Agreements / 26 September 2019
Trial periods are now limited (effective 6 May 2019) to employers with less than 20 employees, and should be removed from employment agreements for larger employers.
Requirements for a valid trial period
Case law is still developing regarding trial period requirements, strictly interpreted by the Courts given they limit minimum employee rights.
There are a number of requirements that must be met in order for the trial period to be safely relied upon to dismiss, without the employee having recourse to a personal grievance claim for unjustified dismissal.
As at September 2019, in summary, the requirements are:
- The employment agreement must include a trial period provision which states:
- The date on which the trial period starts (usually the same as date as the date on which employment commences).
- That the employer may dismiss the employee in the first 90 days of employment; and
- In that case, there is no entitlement to bring a personal grievance for unjustified dismissal.
- The employee must be a new employee, and must not have done any work for this employer in the past. A person that starts work, even just for five minutes, will not be considered a new employee. Make sure you double check this – it is especially relevant where you are purchasing a business with existing employees when timeframes are often tight and getting employees to sign new agreements is a low priority.

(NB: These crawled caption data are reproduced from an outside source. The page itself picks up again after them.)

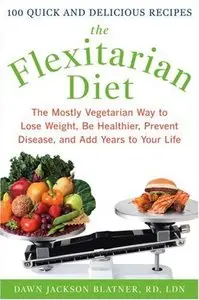 The Flexitarian Diet: The Mostly Vegetarian Way to Lose Weight, Be Healthier, Prevent Disease, and Add Years to Your Life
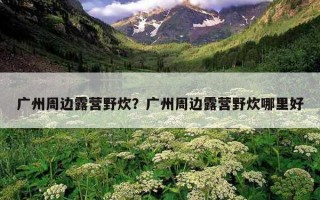 廣州周邊露營野炊？廣州周邊露營野炊哪里好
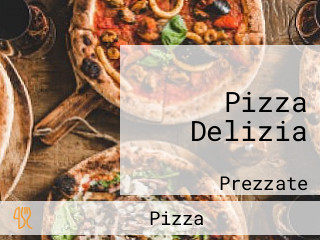 Pizza Delizia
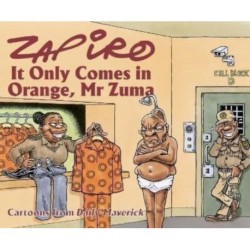 Zapiro Annual 2021: It Only Comes in Orange, Mr Zuma
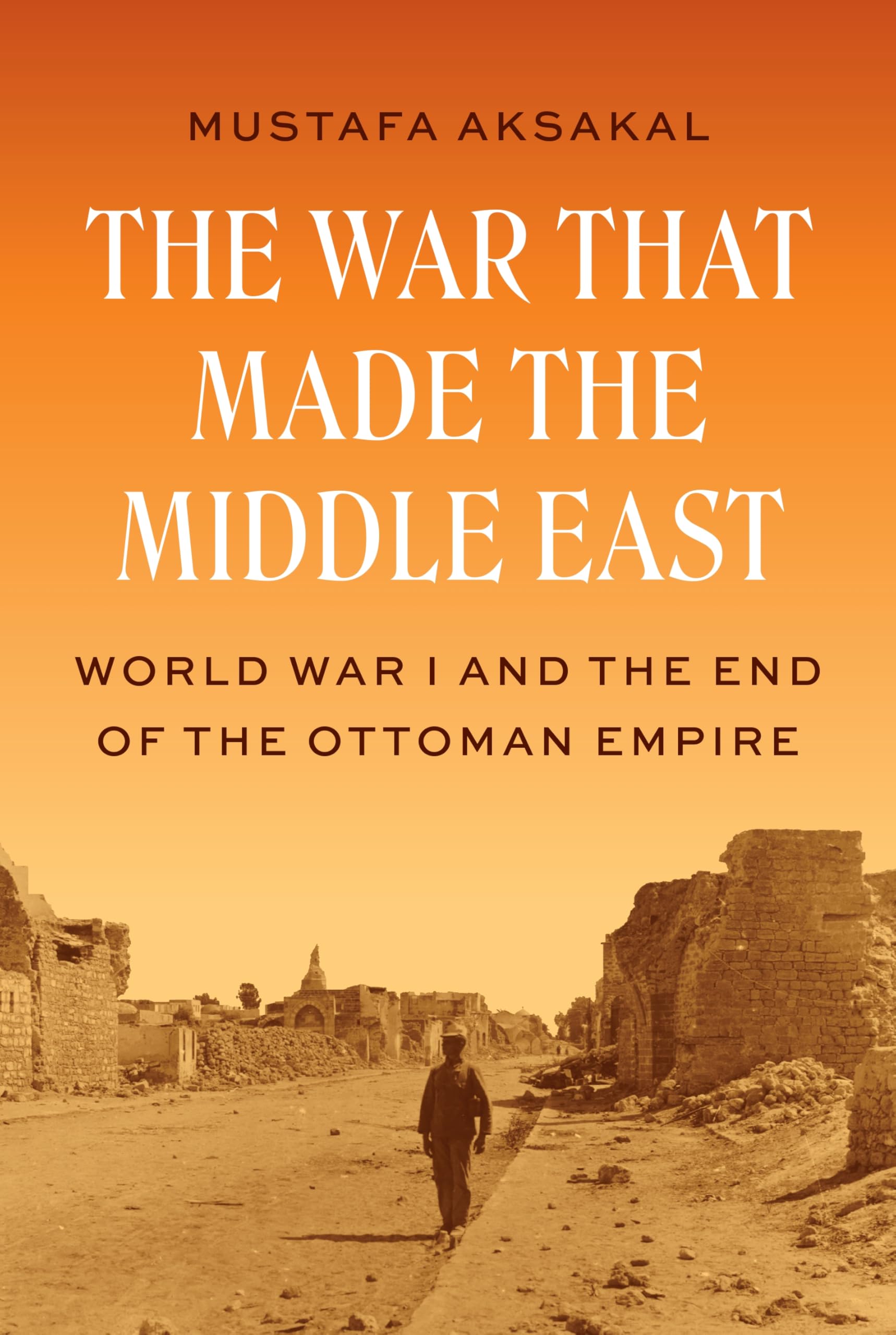 The War That Made The Middle East: World War I And The End Of The Ottoman Empire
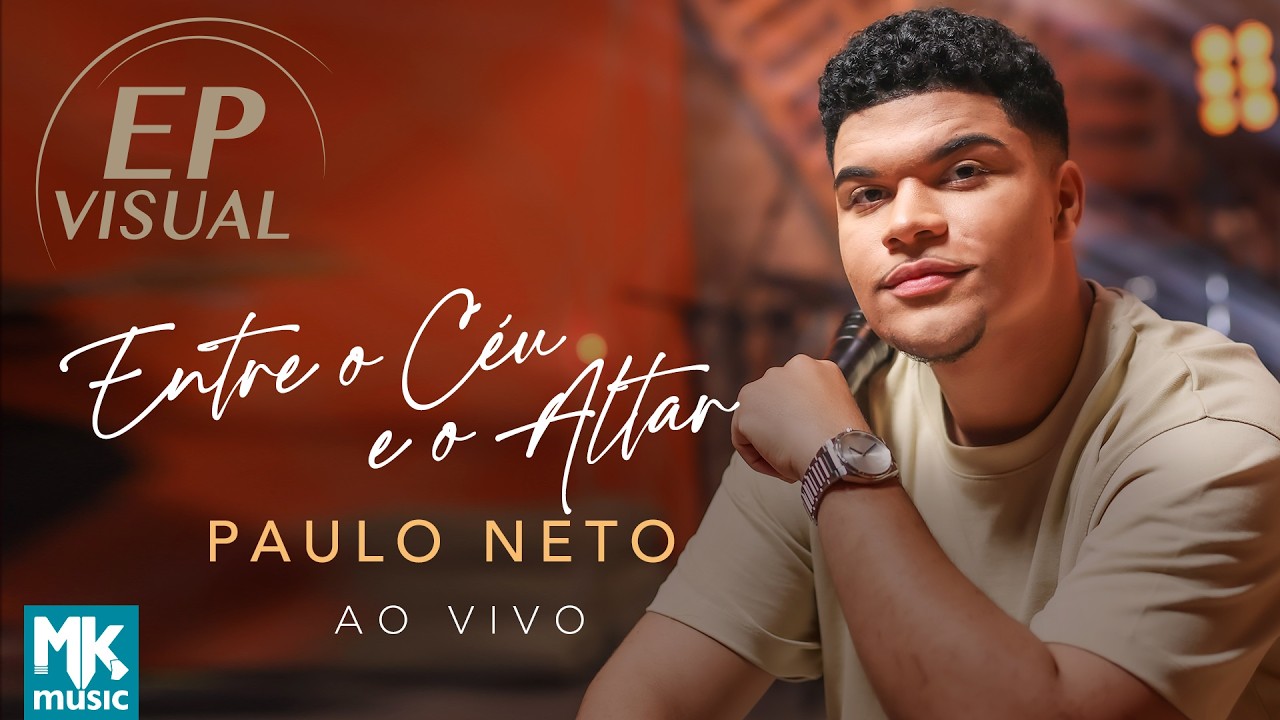 Paulo Neto - Álbum Visual 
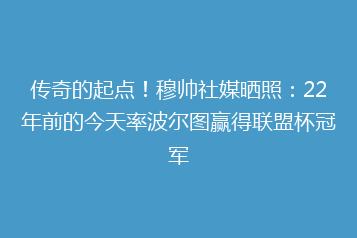 传奇的起点!穆帅社媒晒照:22年前的今天率波尔图赢得联盟杯冠军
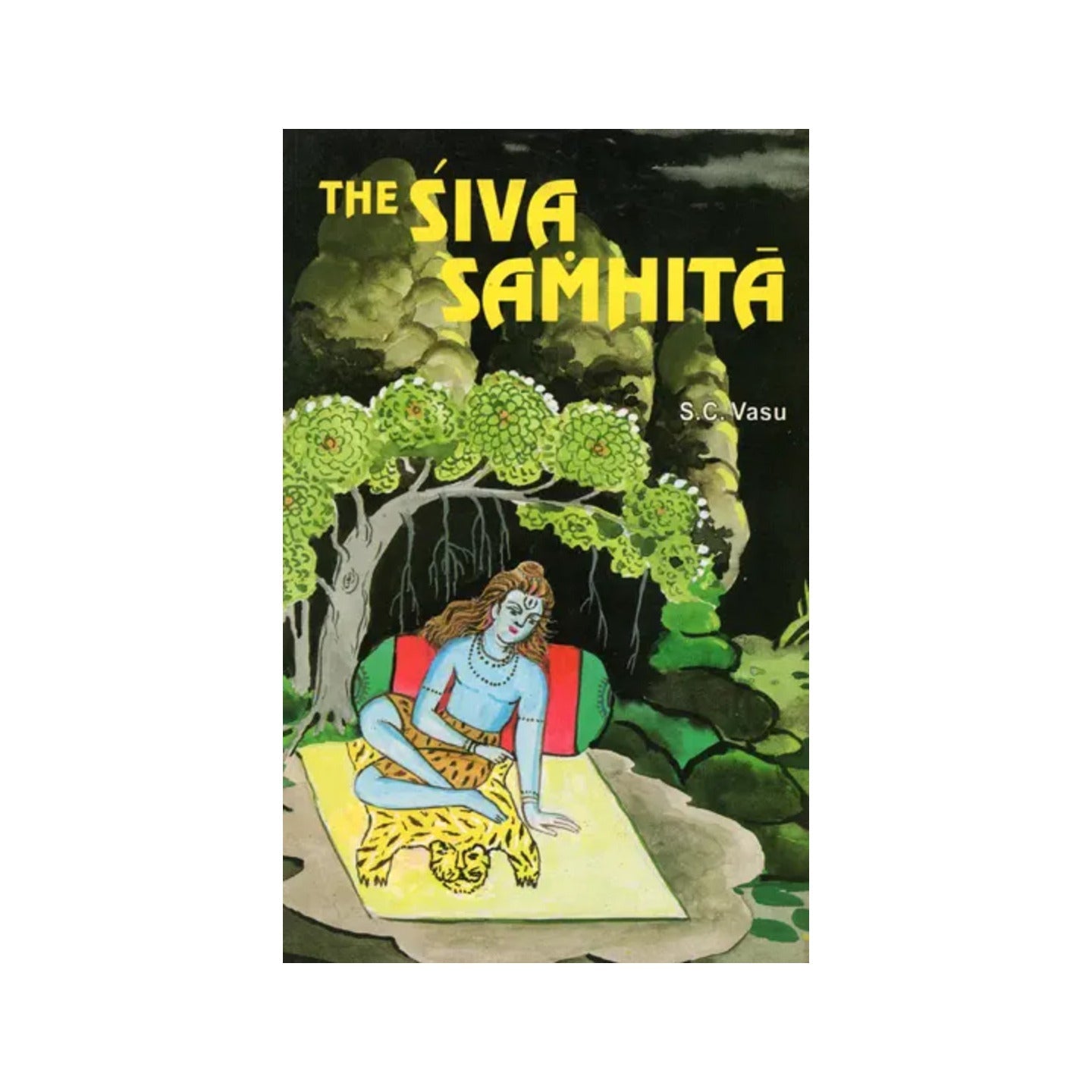 The Siva Samhita - Totally Indian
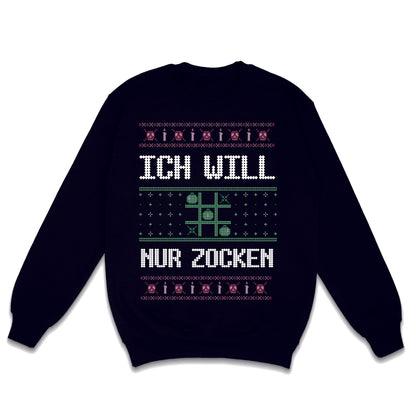 ICH WILL NUR ZOCKEN WEIHNACHTSSWEATSHIRT WEIHNACHTEN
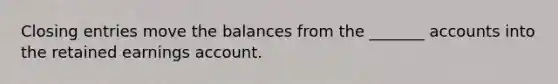 Closing entries move the balances from the _______ accounts into the retained earnings account.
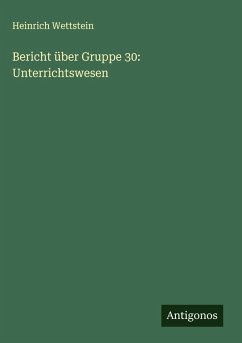 Cover Bericht über Gruppe 30: Unterrichtswesen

- The employment agreement must be signed by the employee prior to their first day of work (even an hour after starting has been held to be too late!).
- The employee must be told of the trial period when an offer, even a verbal offer, is made. It is also a good idea to include a sentence in your offer of employment letter that states that the agreement includes a trial period. When offering an employment agreement, you must also inform the employee that they have the right to seek independent legal advice and give them an opportunity to seek such advice prior to signing the agreement.
Dismissing in reliance on a trial period
As well as meeting these requirements, to safely dismiss in reliance on the trial period, the employee needs to be advised that termination is in reliance on the trial period. Correct notice of dismissal must be given, within the trial period (even if notice expires after the trial period has ended), and in accordance with the employment agreement.
We recommend that the trial period clause contain a shorter notice period, and the ability for the employer to place the employee on garden leave during the notice period and/or pay the employee in lieu of notice, to allow maximum flexibility.
Recently, the Court of Appeal in Ioan v Scott Techonology NZ Ltd confirmed that payment in lieu of notice is an acceptable means of terminating the employment relationship as long as:
- it is contemplated in the employment agreement;
- the employer sets out that notice is given in accordance with the employment agreement; and
- the employer uses clear and unambiguous language, explaining how and when employment is to be terminated, when notice is given.
Although you do not have to give a reason for dismissing unless you are asked, it is good to be able to point to something if you are, to meet the duty of good faith which still applies, along with all other employer obligations, during the trial period. An employee is not prevented from bringing any other kind of employment claim, for example, regarding discrimination or breach of good faith.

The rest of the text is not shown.